Holy Rosary College, Mountbellew, has been crowned 2023 Certified Irish Angus School Competition winners.
The four winning students - Peter O’Neill, Amy Higgins, Oisín Colleran and Cormac Delaney - secured the win after impressing the judges with their approach to the cattle-rearing competition, now celebrating its ninth year.
The awards ceremony took place in Croke Park on Friday 31 March.
The winning group from Co Galway undertook a research project focused on 'Improving quality of beef for consumers'.
They conducted a survey, which gave the students an in-depth knowledge of the beef-purchasing habits of the consumer.
The students discovered what consumers prioritise when they buy Certified Irish Angus beef and their research covered an impressive range of topics from animal husbandry to grassland management.
To engage their classmates, the group shared their findings and invited guest speakers, including local dairy farmer Henry Walsh and member of the Galway Grasslands Association Keith Fahy to their agricultural science class.

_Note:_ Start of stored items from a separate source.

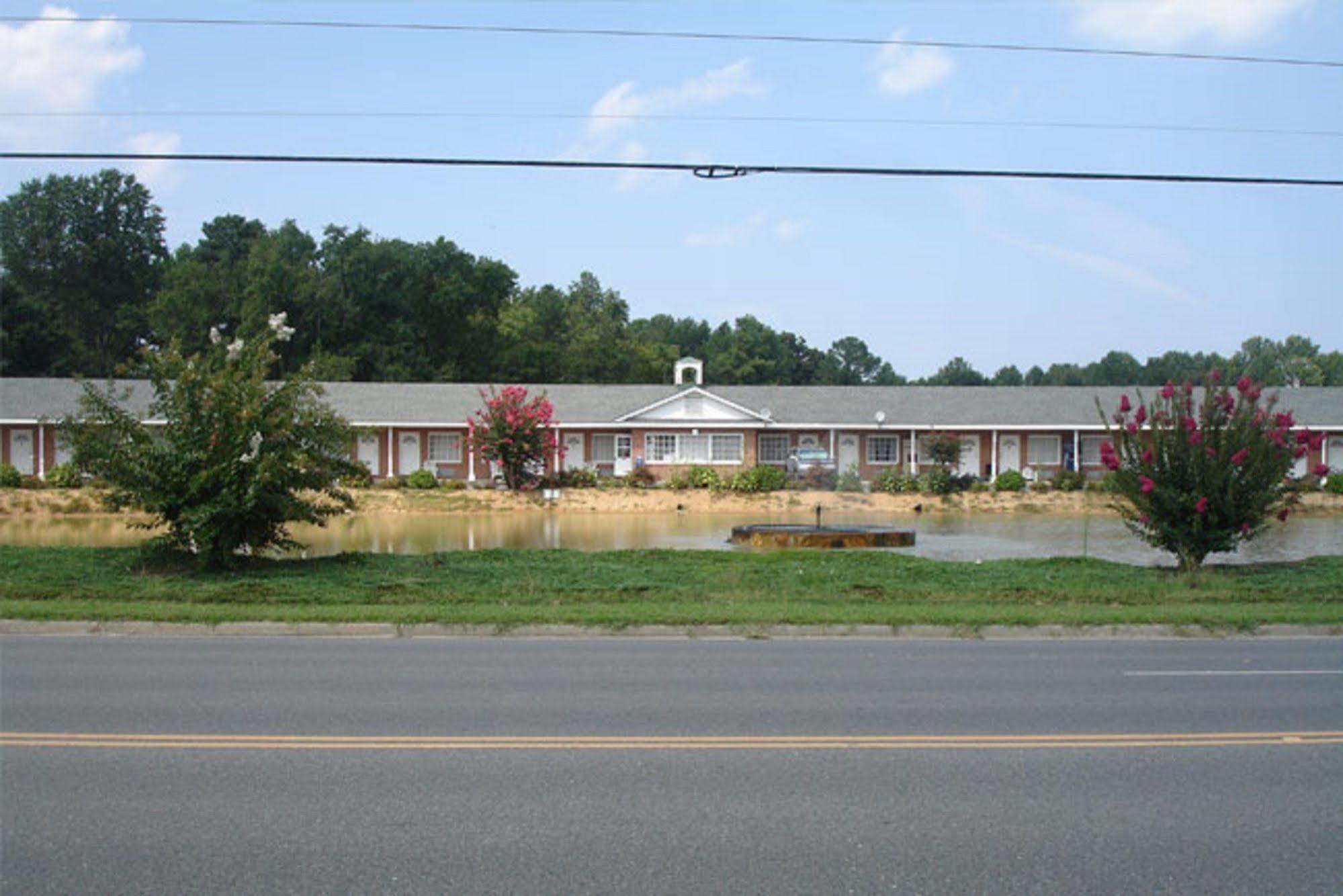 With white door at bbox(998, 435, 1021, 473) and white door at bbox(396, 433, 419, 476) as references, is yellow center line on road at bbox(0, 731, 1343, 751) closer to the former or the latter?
white door at bbox(396, 433, 419, 476)

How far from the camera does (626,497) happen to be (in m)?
41.9

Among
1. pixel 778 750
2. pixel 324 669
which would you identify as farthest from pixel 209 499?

The students successfully communicated the benefits of good farming practices with their classmates and local community
General manager of Certified Irish Angus Charles Smith said: “Holy Rosary College are very deserving winners of this year's competition.

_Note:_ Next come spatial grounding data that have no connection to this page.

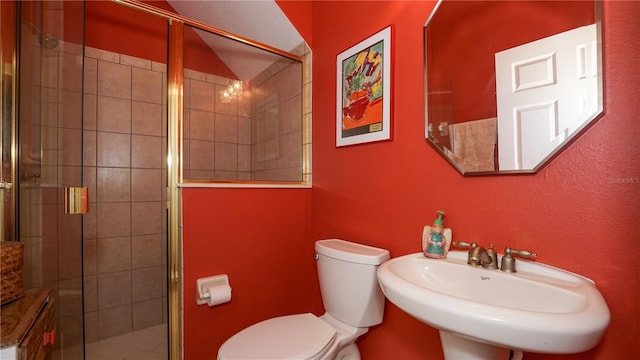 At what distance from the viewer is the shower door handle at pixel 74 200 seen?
3.47 feet

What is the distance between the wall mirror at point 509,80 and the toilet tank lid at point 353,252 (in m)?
0.49

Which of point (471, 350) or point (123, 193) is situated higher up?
point (123, 193)

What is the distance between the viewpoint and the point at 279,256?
162 cm

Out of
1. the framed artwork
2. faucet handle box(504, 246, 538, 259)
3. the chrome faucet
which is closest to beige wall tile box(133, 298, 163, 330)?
the framed artwork

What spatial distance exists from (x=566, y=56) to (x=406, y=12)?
0.66 meters

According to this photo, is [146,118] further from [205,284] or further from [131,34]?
[205,284]

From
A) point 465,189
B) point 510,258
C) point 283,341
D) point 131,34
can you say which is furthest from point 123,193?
point 510,258

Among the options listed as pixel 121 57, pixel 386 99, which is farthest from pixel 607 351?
pixel 121 57

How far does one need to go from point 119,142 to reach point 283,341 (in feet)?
6.16

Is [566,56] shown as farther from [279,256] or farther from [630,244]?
[279,256]

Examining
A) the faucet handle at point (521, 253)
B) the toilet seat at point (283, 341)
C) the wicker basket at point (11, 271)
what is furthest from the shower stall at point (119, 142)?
the faucet handle at point (521, 253)

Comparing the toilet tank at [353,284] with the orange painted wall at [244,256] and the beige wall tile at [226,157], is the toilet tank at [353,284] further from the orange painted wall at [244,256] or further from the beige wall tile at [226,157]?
the beige wall tile at [226,157]

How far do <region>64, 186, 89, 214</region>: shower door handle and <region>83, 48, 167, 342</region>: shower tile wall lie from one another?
37.9 inches

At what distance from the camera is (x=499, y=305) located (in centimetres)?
65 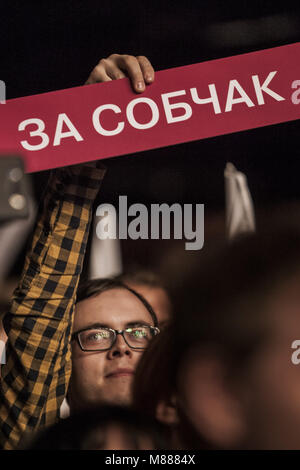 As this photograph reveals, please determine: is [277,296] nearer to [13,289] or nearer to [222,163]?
[222,163]

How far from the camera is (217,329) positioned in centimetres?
128

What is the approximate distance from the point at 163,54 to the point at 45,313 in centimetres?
66

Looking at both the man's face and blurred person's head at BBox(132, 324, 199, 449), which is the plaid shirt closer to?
the man's face

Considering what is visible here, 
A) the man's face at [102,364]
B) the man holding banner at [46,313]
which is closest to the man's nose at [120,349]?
the man's face at [102,364]

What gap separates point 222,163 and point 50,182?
402 mm

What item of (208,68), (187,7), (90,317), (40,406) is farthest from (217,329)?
(187,7)

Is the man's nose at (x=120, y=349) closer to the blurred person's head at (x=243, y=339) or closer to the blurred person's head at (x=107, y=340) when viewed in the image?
the blurred person's head at (x=107, y=340)

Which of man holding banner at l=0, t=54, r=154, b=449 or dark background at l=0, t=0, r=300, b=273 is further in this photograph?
dark background at l=0, t=0, r=300, b=273

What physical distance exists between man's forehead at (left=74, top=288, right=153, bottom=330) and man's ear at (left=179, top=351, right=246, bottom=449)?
0.51ft

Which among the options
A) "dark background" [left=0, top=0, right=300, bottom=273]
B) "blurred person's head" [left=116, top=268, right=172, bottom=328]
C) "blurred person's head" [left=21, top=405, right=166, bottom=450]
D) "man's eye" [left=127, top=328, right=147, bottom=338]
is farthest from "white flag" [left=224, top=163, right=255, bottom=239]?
"blurred person's head" [left=21, top=405, right=166, bottom=450]

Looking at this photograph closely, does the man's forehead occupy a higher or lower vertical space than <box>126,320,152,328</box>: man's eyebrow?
higher

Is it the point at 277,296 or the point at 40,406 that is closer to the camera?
the point at 40,406

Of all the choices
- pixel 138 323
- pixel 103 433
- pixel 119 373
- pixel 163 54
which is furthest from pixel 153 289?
pixel 163 54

"Driven by their deep-rooted interest of agriculture and food production, the students successfully communicated the benefits of good farming practices with their classmates and local community."

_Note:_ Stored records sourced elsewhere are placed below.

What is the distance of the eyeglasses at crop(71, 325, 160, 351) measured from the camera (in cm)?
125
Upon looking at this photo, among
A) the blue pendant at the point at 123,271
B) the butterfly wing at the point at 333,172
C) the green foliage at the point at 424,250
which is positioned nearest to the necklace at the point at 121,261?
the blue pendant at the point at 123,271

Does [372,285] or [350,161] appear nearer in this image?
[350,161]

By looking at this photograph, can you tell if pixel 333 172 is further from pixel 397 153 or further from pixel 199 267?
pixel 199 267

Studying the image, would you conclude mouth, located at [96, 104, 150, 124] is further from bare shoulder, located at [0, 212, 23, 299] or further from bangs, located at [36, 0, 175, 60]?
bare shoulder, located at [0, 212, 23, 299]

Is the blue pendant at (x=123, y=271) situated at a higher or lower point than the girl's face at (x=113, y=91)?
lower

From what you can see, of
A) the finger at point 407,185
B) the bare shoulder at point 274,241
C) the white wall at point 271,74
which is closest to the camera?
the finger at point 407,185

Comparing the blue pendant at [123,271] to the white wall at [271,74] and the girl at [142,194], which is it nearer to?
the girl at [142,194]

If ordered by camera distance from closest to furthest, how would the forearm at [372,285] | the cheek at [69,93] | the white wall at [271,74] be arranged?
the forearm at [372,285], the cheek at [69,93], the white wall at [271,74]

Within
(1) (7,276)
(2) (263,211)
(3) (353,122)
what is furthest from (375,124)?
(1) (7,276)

The Certified Irish Angus Schools Competition, in association with ABP and Kepak, challenges students to rear five Irish Angus calves for beef production.
It aims to promote the Certified Irish Angus brand, while communicating the care and attention required to produce quality beef for consumers.
The number of students applying continues to grow each year, with nearly 600 students from rural and urban backgrounds applying from 23 counties in 2022.
The runners up in the 2023 competition were Mya Gray McCluskey, Niamh Dunne and Ella Gannon from St Louis High School in Rathmines, Dublin.
The city dwellers investigated the theme of 'Reassuring consumers on animal welfare' and created an educational initiative called 'Flats to farms' to show their classmates and family the dedication behind the agri-food industry and the realities of Irish agriculture.
Ryan Reilly from Ardscoil Phádraig in Granard was awarded an outstanding achievement award, recognising his contribution to the competition.
The judges said: “Ryan’s understanding of the science and technology of modern-day farming is very impressive.”
Each of the finalists receives the financial benefit involved in the selling of the animals to the processors on completion of the project, which amounted to an average €7,500.
The winning students also receive an additional grant of €2,000 for their further education.